В чудеса Саша не верила. Тщету упражнений перед лицом рока – понимала. И точно так же понимала, что неисповедимые пути господни и гормональный строй организма – это, по сути, одно и то же.
Загадочная игра гормонов, величественная тайна их соединения, сочетания, и рокового их слияния, и поединка рокового, – все это могло бы ее даже увлечь, как всегда увлекало неведомое. Если бы все это не пресекло ее собственную жизнь, не подрубило под корень.
«Игра… Как можно называть это игрой?! Я актриса, я знаю, что такое игра. Совсем другое, совсем не это… И когда я впервые услышала эти слова, «игра гормонов», и что с этими словами было связано?..»
И вдруг она вспомнила. Давно это было, так давно, что как будто уже и не с нею. Потому и не вспомнилось сразу.
Но все же всплыло в памяти, и непонятно, к добру или к худу.
Саше было шестнадцать лет, и она наконец влюбилась.

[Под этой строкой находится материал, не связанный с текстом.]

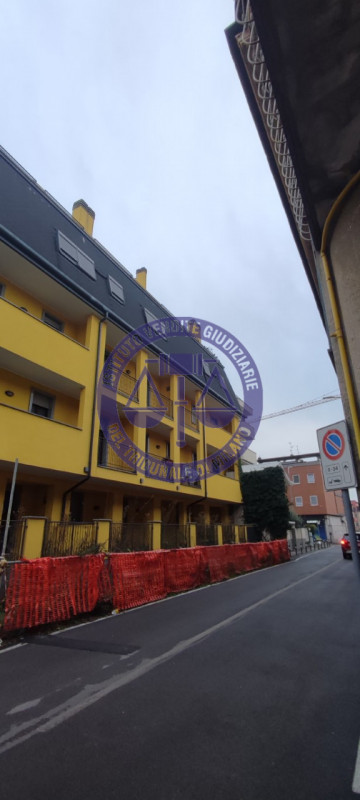 Bovisio-Masciago Vendita Appartamento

Наконец – потому что все ее подружки и приятельницы давно уже перевлюблялись по сто раз. Кроме Киры Тенеты, конечно, но Кира во всех смыслах была исключением из правил: и внешность чересчур нелепая, и ум чересчур большой, а уж жажда справедливости просто беспредельная, какой-нибудь пламенной революционерке впору. Она как будто не в обычном человеческом мире жила, Кирка, так что ожидать от нее такой обычной вещи, как влюбленность, было бы даже странно.
А от Саши не было бы странно влюбленности ожидать. Но она все не приходила и не приходила, это становилось даже обидным, и Саша думала: а может, она уже бывала влюблена и просто не разобралась, что это любовь и есть? Может, ее восхищение молодым консерваторским профессором, который вел у них в школе музлитературу, или ее интерес к скрипачу Диме из параллельного класса, – может, это и следовало считать тем же самым, что чуть не с младенческих лет испытывала, например, Люба Маланина к Федьке Кузнецову, то есть любовью?